Output exactly, and only, the lines below from the one with "9437 Timberleaf Drive, Dallas, TX 75243" down to the one with "bit.ly/3QQXZWk". Include both end lines and no pictures.
====== Material to process ======
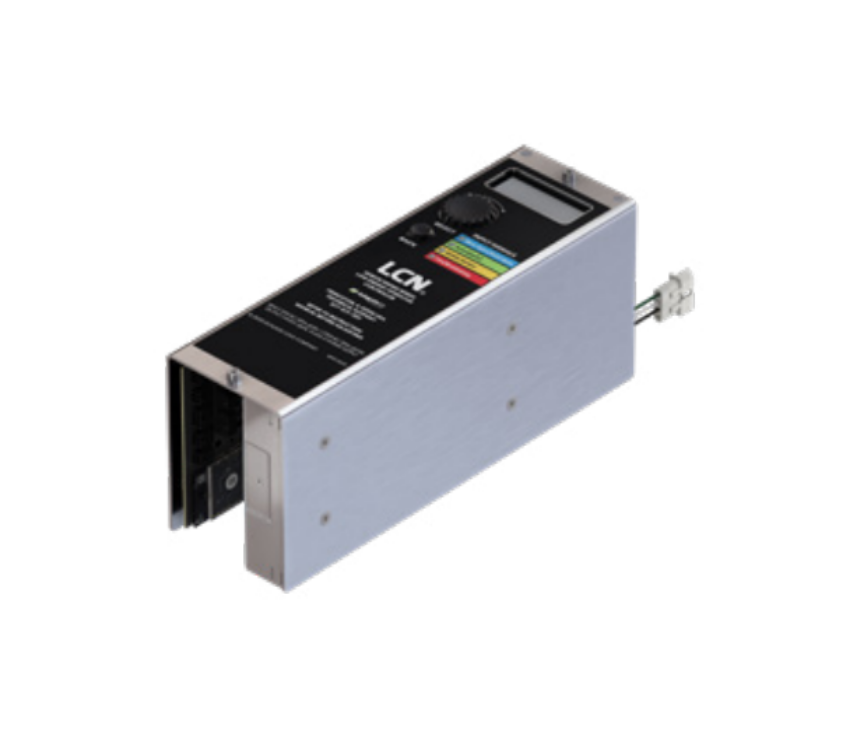 LCN 9530IQ-3462 controller replacement for LCN SlidePro sliding door operator digital control board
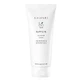 S. Nature Blanche All In One, lotion pour le visage et le corps, 200 ml.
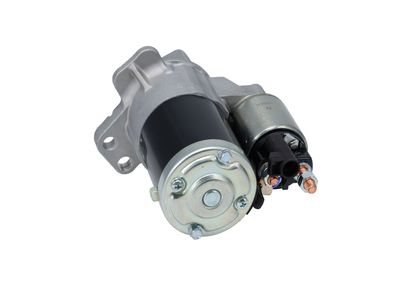STARTER BOSCH 1986S01268 13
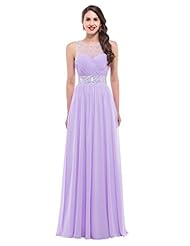 Cutout Ruched Acrylic/Chiffon/Satin/Tulle Sleeveless Evening Dress 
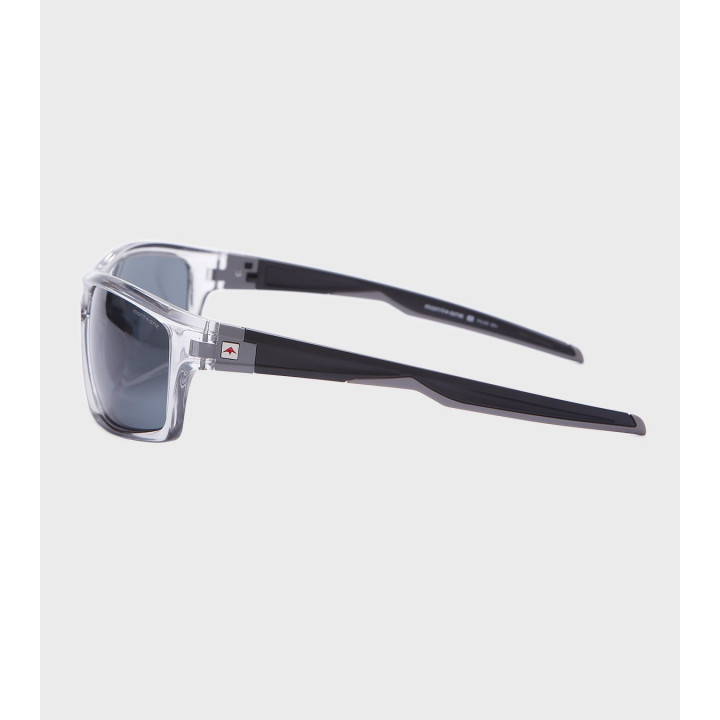 Lentes Unisex Seiji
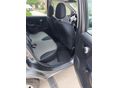 NISSAN NOTE 2011/9 - 9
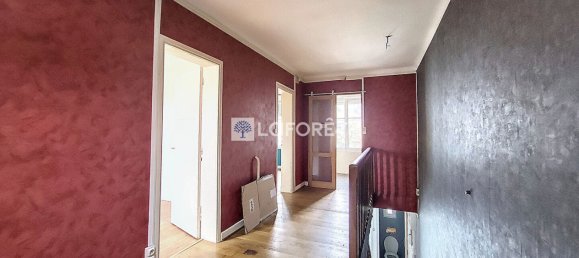 2 chambres Maison à Laon, France No. 70390 6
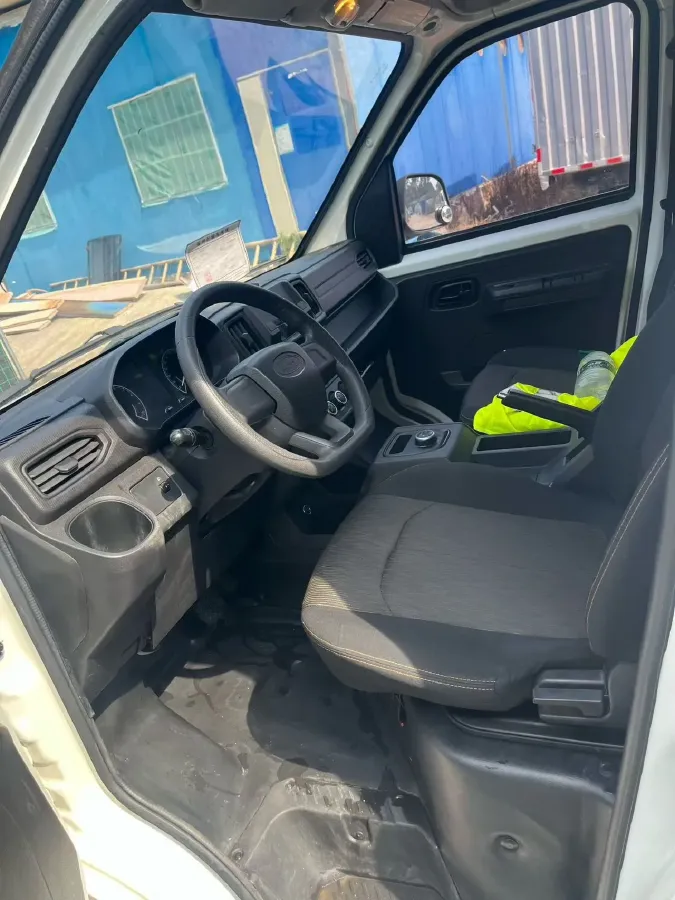 2022 Karry JiangTun BEV 41.86KWH,autocango,china used car exporter,china ev exporter,chinese used car exporter,chinese used ev exporter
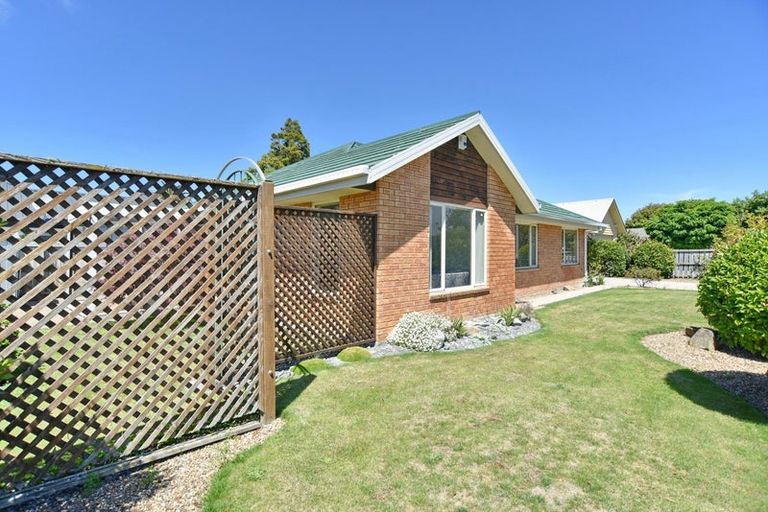 Photo of property in 470 Innes Road, Mairehau, Christchurch, 8052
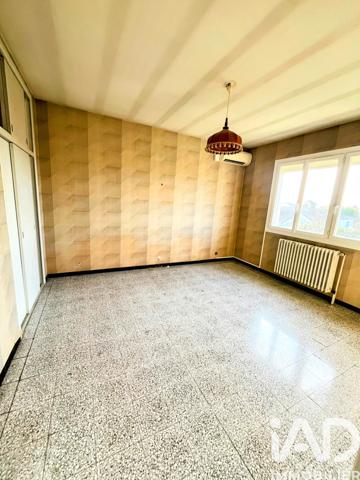 Maison à vendre 5 pièces 150 m² Frouzins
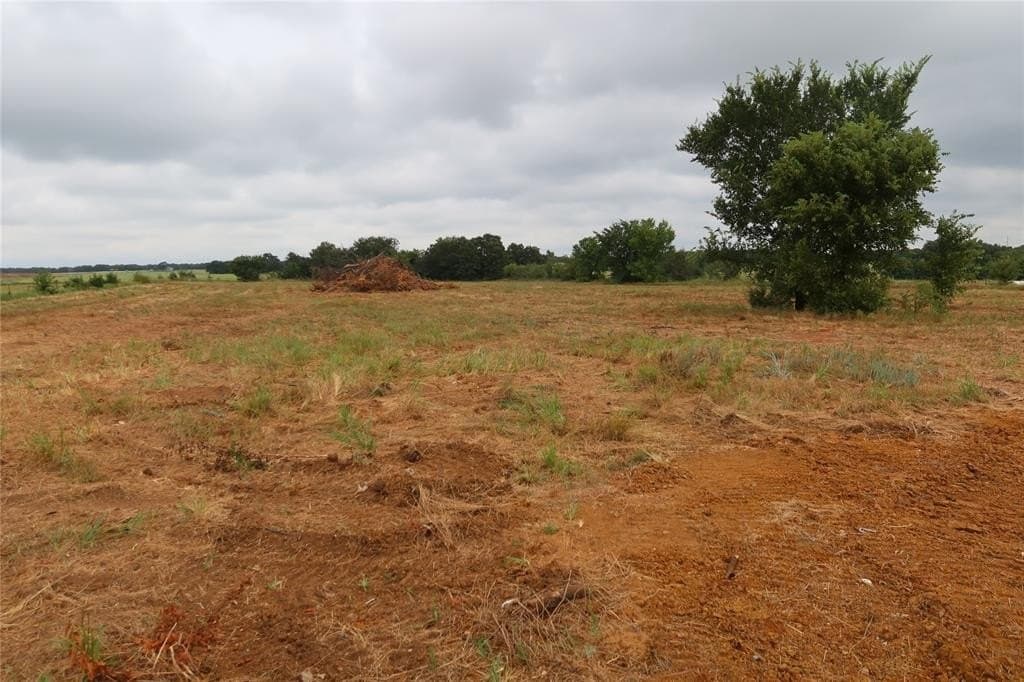 5.58 acres in Montague County - photo 10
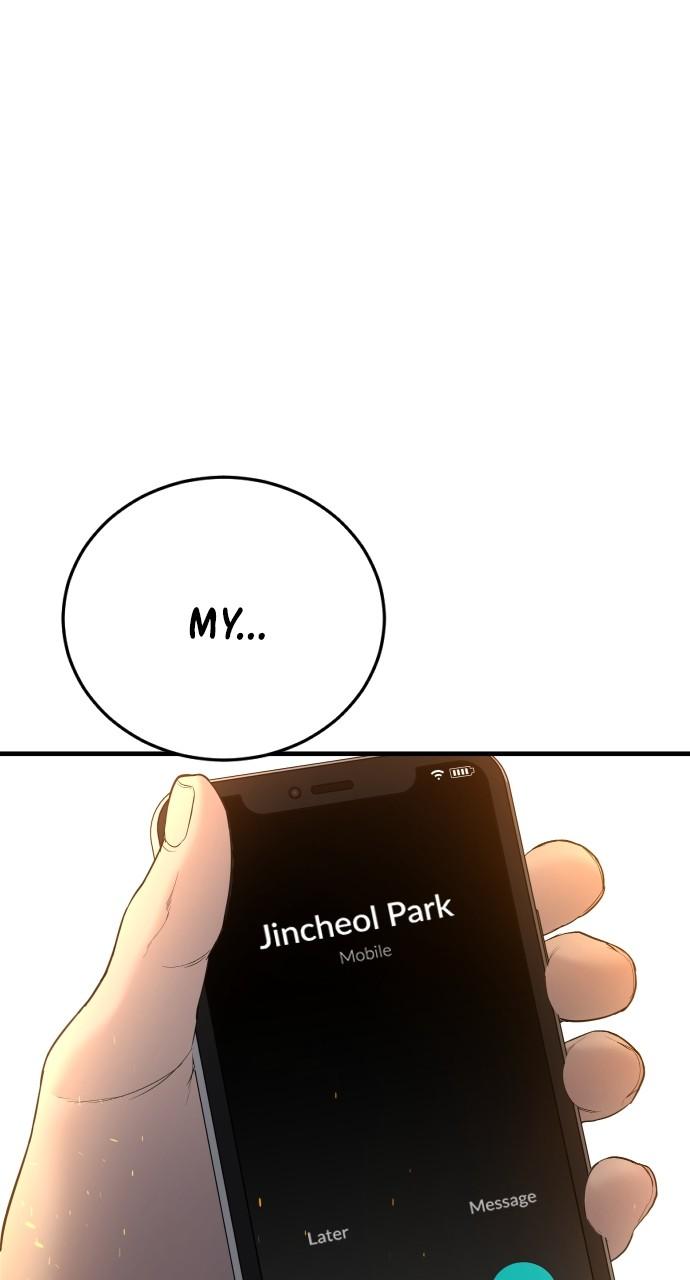 Manager Kim Chap 74 - Next Chap 75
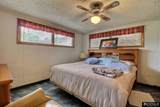 1963 9th Street - Photo 31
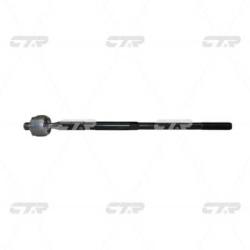 Тяга рулевого управления FORD FOCUS 99-05 CR0055 crf-11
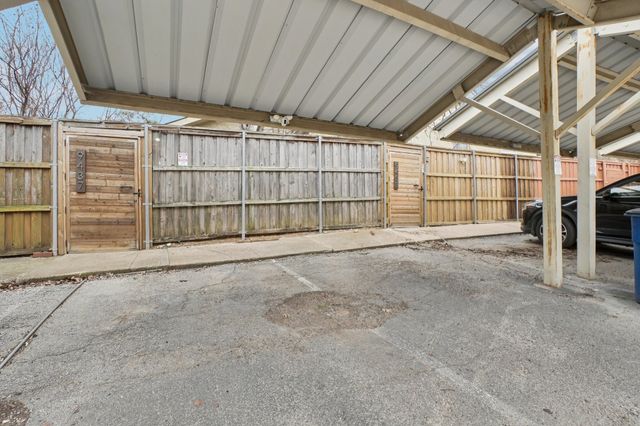 9437 Timberleaf Drive, Dallas, TX 75243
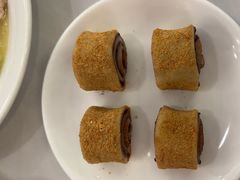 -东兴楼(通州店)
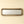 Equinox Rectangular Mirror L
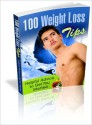 100 Weight Loss Tips - Lou Diamond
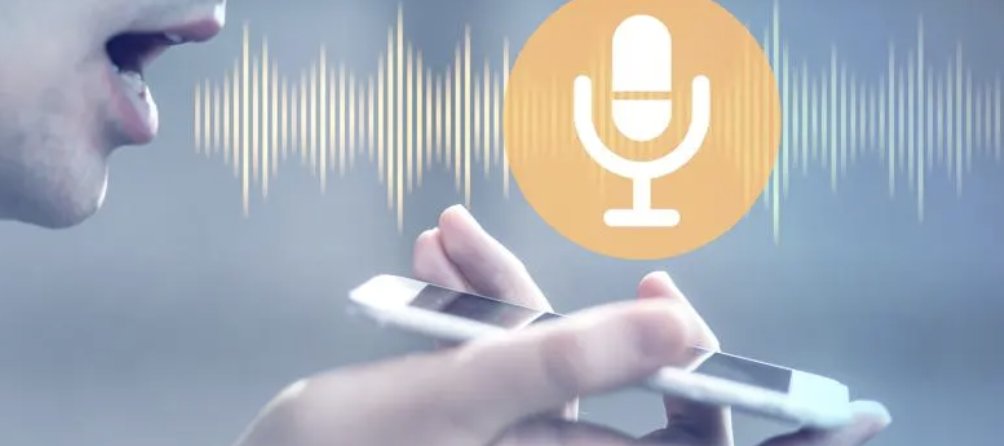 trudydarwin's tweet image. The rise of #opticalcharacterrecognition (OCR), #voice, and even AI-based #content ingestion

bit.ly/3QQXZWk

#StartUp #Fintech #Finance #VC #RegTech #Business #SocialMedia #AI #Banking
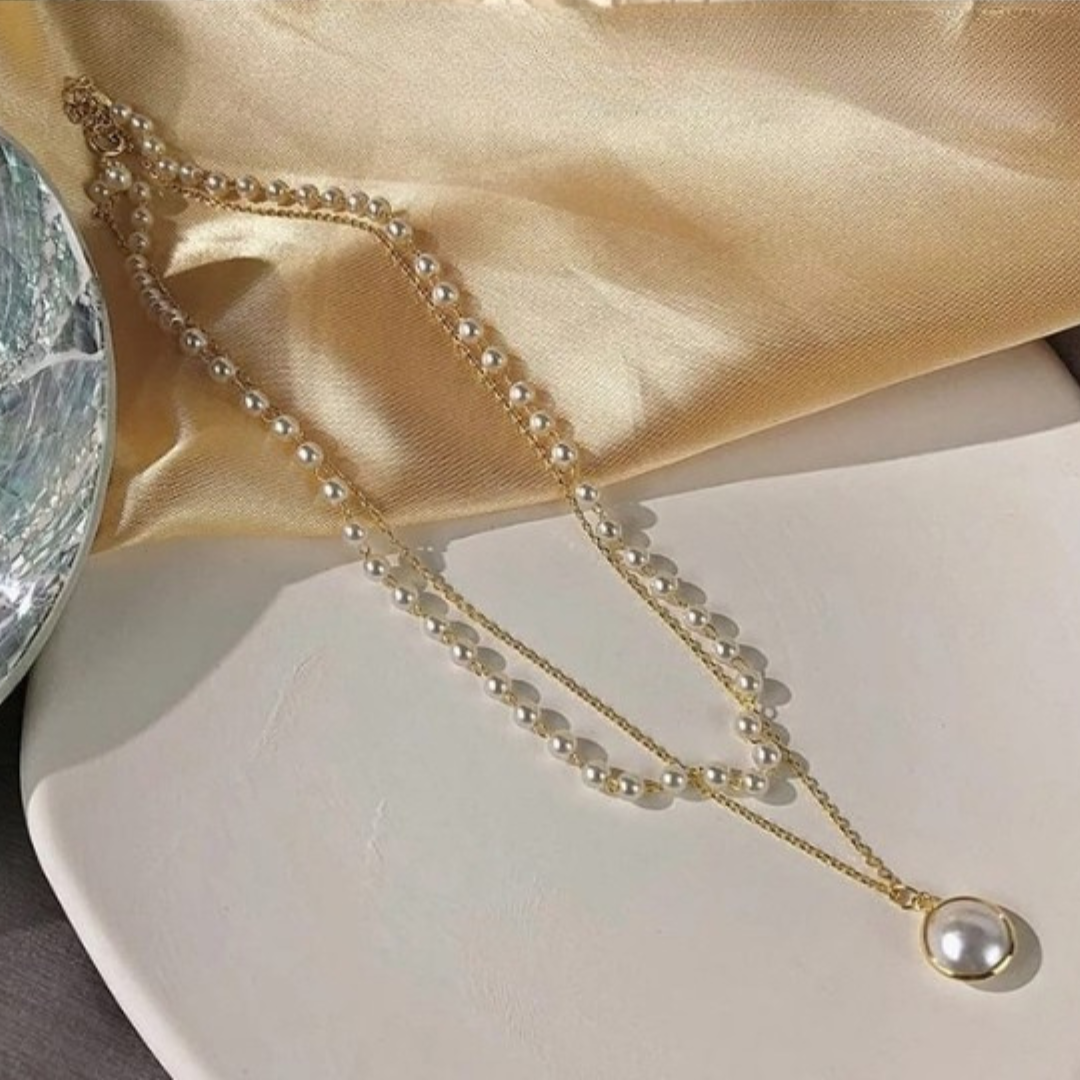 korean style earrings,korean fashion earrings,fancy stylish earrings,new trendy jewellery,inexpensive fashion jewelry,korean earrings,trending earrings designs,Pearl Earrings, Pearl Necklace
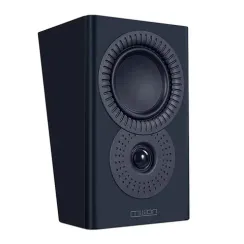 Mission LX-3D Surround MKII Black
======
Answer space:
 9437 Timberleaf Drive, Dallas, TX 75243
 -东兴楼(通州店)
 Equinox Rectangular Mirror L
 100 Weight Loss Tips - Lou Diamond
 trudydarwin's tweet image. The rise of #opticalcharacterrecognition (OCR), #voice, and even AI-based #content ingestion

bit.ly/3QQXZWk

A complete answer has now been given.